Terlebih lagi, dalam sistem ini, alam bukan dipandang sebagai titipan Tuhan yang harus dijaga, melainkan aset yang harus diolah untuk mencetak laba. Maka tidak heran, pencemaran bisa berlangsung setahun tanpa tindakan berarti. Ketika akhirnya meledak, penanganannya pun bersifat reaktif dan parsial. Inilah watak sistemik dari kapitalisme: membiarkan kerusakan terjadi selama tidak mengganggu stabilitas ekonomi elite. Padahal, keadilan hakiki tak akan pernah lahir dari sistem yang menjadikan materi sebagai tujuan tertinggi.

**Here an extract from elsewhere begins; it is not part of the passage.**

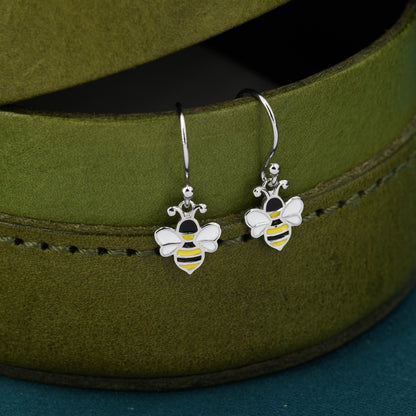 Enamel Bumble Bee Drop Earrings in Sterling Silver,  Earrings, Tiny Bee Earrings, Tiny Bee Hook Earrings, Silver Bee Earrings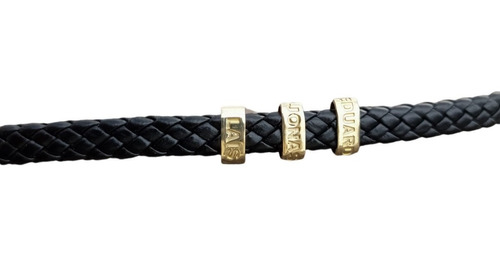 Pulseira Masculina De Couro Trançado Nome Filhos Ouro 18k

Islam memandang alam bukan sekadar sumber daya ekonomi, melainkan amanah dari Allah yang harus dijaga dan dipelihara. Dalam sistem Islam, laut, sungai, udara, dan tanah tergolong kepemilikan umum (milkiyah ‘ammah) yang tidak boleh dikuasai atau dieksploitasi oleh individu maupun perusahaan atas nama investasi. Negara dalam Islam berperan sebagai pengelola, bukan pemilik, yang wajib memastikan bahwa pengelolaan sumber daya tidak merusak ekosistem dan tidak mencelakai masyarakat.
Berbeda dengan kapitalisme yang memprioritaskan keuntungan, sistem Islam mengedepankan maslahat umat dan prinsip tanggung jawab. Jika terjadi pencemaran atau kerusakan lingkungan, negara Islam akan segera bertindak tanpa harus menunggu desakan publik. Penguasa dalam Islam adalah ra’in (pelayan rakyat) dan junnah (pelindung), yang akan mengadili perusahaan atau individu yang melakukan kerusakan (fasad fil ardh) dengan tegas, karena merusak lingkungan dalam Islam termasuk dosa besar yang bisa dikenai sanksi pidana.
Lebih jauh, negara dalam sistem Islam tidak akan menjadikan laut sebagai objek eksploitasi pasar bebas atau dikuasai korporasi. Pengelolaan wilayah pesisir akan melibatkan masyarakat sekitar, termasuk nelayan, dengan prinsip keadilan dan keberlanjutan. Islam juga melarang monopoli dan privatisasi terhadap harta milik umum, sehingga potensi kerusakan akibat aktivitas industri besar bisa diminimalisir. Dengan cara ini, rakyat tidak akan menjadi korban dari sistem yang membiarkan keserakahan berlangsung.
Solusi Islam bersifat preventif sekaligus solutif. Preventif, karena dengan syariat yang jelas, negara mencegah kerusakan sejak awal. Solutif, karena jika terjadi pelanggaran, hukum ditegakkan tanpa pandang bulu—baik terhadap individu maupun korporasi. Maka, untuk benar-benar menghentikan lingkaran kerusakan dan ketidakadilan seperti yang dialami para nelayan di Bontang, kita tidak cukup hanya memperbaiki regulasi, melainkan harus keluar dari sistem kapitalisme yang cacat sejak akar, dan menggantinya dengan sistem Islam yang rahmatan lil ‘alamin.